A few years ago (4 years, to be exact), when I wanted to learn Python from scratch (as my third programming language), I was read huge books, watched many online courses, subscribed to most relevant YouTube channels and a lot of dev podcasts and code streaming guys… and I faced extremely close with this feeling.
I’m not psychologist and don’t know “how they calling it” (please forgive me), but I will be call this feeling “the endless circle” or TEC (for a short).
But my “Python’s closed-loop” lasted about 6 months, for which I did not write a single line of code by myself — only retyped what online coaches, bloggers, books authors, streamers, etc… gave me.
Only consumption, no independent practice.
It can be described with just one phrase:
The more I learn the ins and outs of new thing (programming language for this case), the more I’m drifting from its actual use in practice.
No, it’s not Impostor syndrome or something similar to.
TEC is more like a closed-loop mode. You start study of something new, but you do nothing, except start an another yet study circle! And again and again…
Such as “well, look at another video now, but don’t even open your IDE, just see how I write the code on video” and etc.
It’s something, like “OMG, another guy with super best practice to learn how to code…”. And you’re right, that’s it! 👌
But ask to yourself first: “why I start reading this article?”. If answer is different from “I don’t know” — you’re in the right place at the right time!
Following the rules below — helped me then and helps right now when I decided to add Go to my “Pantheon of programming languages”. I just follow these rules, when I start to “dig in” so deep and feel rapid onset of TEC.
No matter what programming language you are trying to learn, if you are in the endless circle, then stop right now!
Seriously, watching “another video” — won’t run anywhere!
- ✅ Close all of your “major” browser tabs (like Netflix, Facebook, Instagram, Twitter, etc) and browser itself.
- ✅ Put “extremely interesting” book aside.
- ✅ Pause podcast at “most interesting place”.
- 👌 Deep breath.
- 🎯 Open your favorite IDE.
- 💭 Remember basics and syntax of programming language.
- 💻 Code your own simple program (for example, main function take 1 argument and return it into a string “Hello ”).
- 😀 Smile to yourself.
- ⚙️ Write some simple test for this simple function (for example, test your function for return a string “Hello World”, if you give “World” as argument).
- 🔗 Push this code to your git public repository with a message “Initial commit for breaking TEC”.
You have taken the first and most important steps to get out of TEC. There are many more interesting things ahead of you, but the best you can do now is to continue reading this article!
While you still have warmed up IDE from the previous rule, now is the time to start your new “lifetime project” (the next day… maybe two).

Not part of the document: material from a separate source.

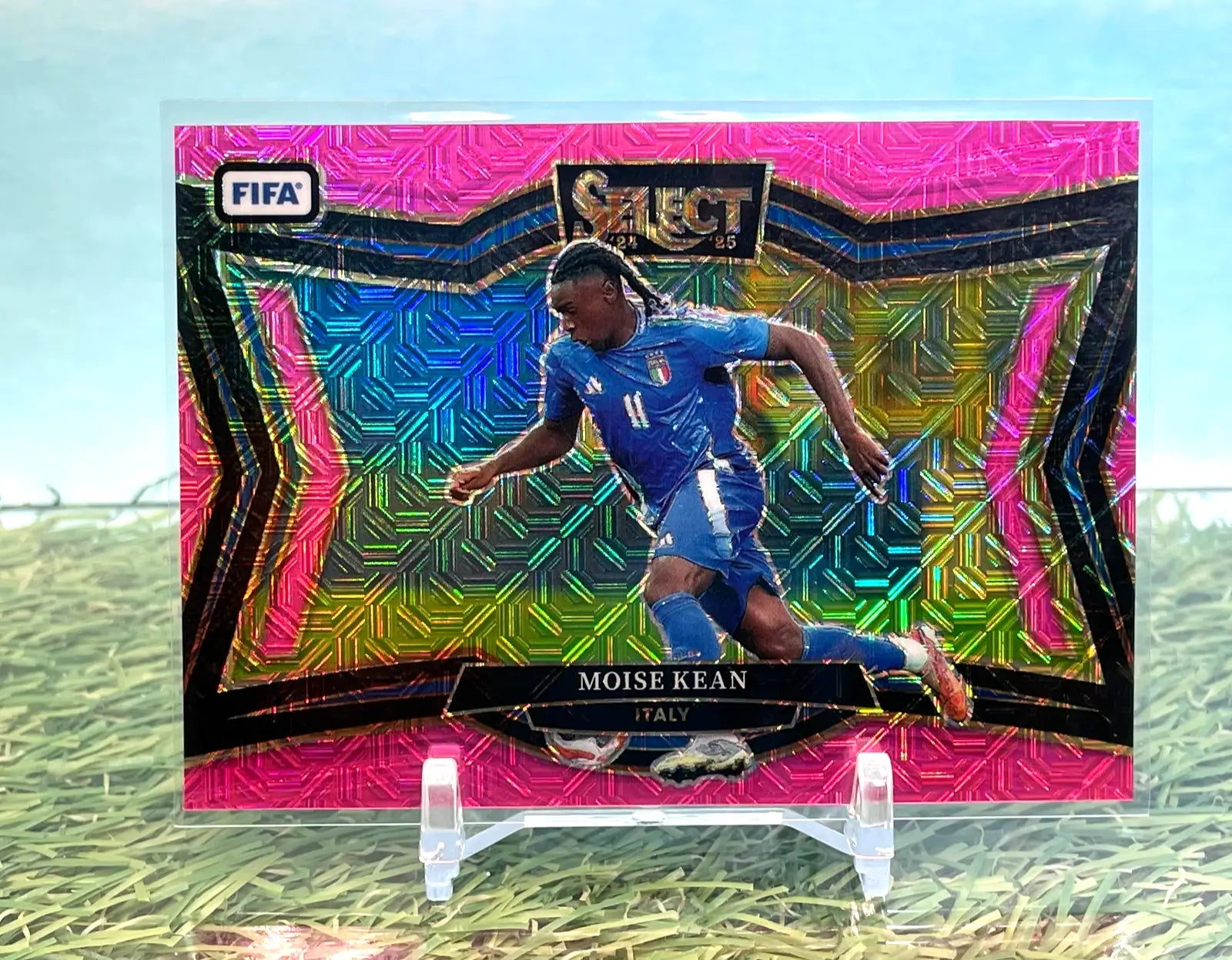 Vibrant pink holographic soccer trading card of Moise Kean in Italy uniform from Select FIFA Moise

Moreover, this project should solve some of your current problems right now.
Start with a simple thing and gradually add new features!

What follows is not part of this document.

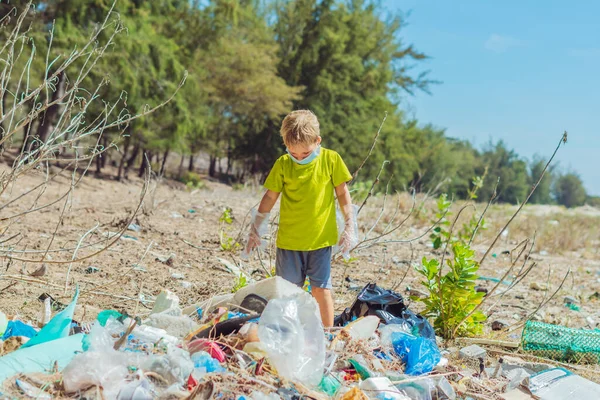 Anak sukarelawan bertopeng wajah membantu memungut sampah yang mencemari pantai dekat hutan. Masalah tumpah sampah planet sampah polusi konsep perlindungan lingkungan. Pendidikan anak alami — Stok Foto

It could be anything: TODO list, fitness tracker, personal website, CLI app, etc. But algorithm for approaching this project should be like this:
- ⭐️ Make a minimum viable product (MVP), based on your knowledges and most popular frameworks/libraries/packages in current programming language.

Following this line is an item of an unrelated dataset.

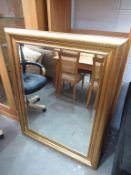 Gold coloured framed bevel edged mirror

- ✏️ List all that you don’t know how to do, but need to make.
I self-study Python and want to tell about this awesome programming language to Internet. Best way to solve this — is personal blog. So, I need a web framework! 👋
After looking for 5 seconds, I found out that most popular web framework is Django. Let’s imagine, I read the official guide in 10 minutes and now I know how:
✔️ Install Django from PIP.
✔️ Create first Django app with CLI.
✔️ Configure DB and make first migration.
✔️ Create new models and routes.
✔️ Create views and templates.
✔️ Build functions for Add/Edit/Delete posts.
Ok! I just do everything that my knowledge and a piece of documentation at the moment allow. Because, it’s all I need for MVP! 👍
Other things, like: template’s design, cross-posting link to social networks after create new blog post, Disqus comments, add cute “About me” page, configure meta tags for SEO, build RSS feed and many-many more — is what I put into my list of “unknown functions for later research”.
We live in a world where every second the amount of information increases at an incredible rate. What was considered necessary knowledge at “the dawn of the computer era“ — now you can google in a couple of seconds and absolutely not keep in mind!
So, why not start writing code the way you can understand right now and gradually improve it with the help of more experienced people from the Internet?
Constantly writing code — is your goal at this moment!
- ✅ Write code.
- ⚠️ Write tests for your code.
- 💬 Ask community of your programming language about problem points in your code or find similar questions and see how other people solve these problems (GitHub, StackOverflow, Dev.to, etc).
- 🚀 Try solution on your code.
- ⚠️ Write tests for your modified code.
- 📝 Record solution in your knowledge base.
You still don’t have a knowledge base? No problem!
And it’s not a joke. Make yourself a good habit: write down everything that helped you solve a particular problem!
It can be absolutely any offline/online service, but main points are:
❗️ Access to recorded knowledge 24/7 and 365 days in year.
❗️ Easiest way to quickly record a new knowledge.
When you faced a problem — try to solve it yourself. Rely on knowledge from your records in the knowledge base and what you remember from online courses/books/podcasts/etc.
But, if the problem is not solved in the first 20…30 minutes, then it’s better not to continue — ask people from the Internet!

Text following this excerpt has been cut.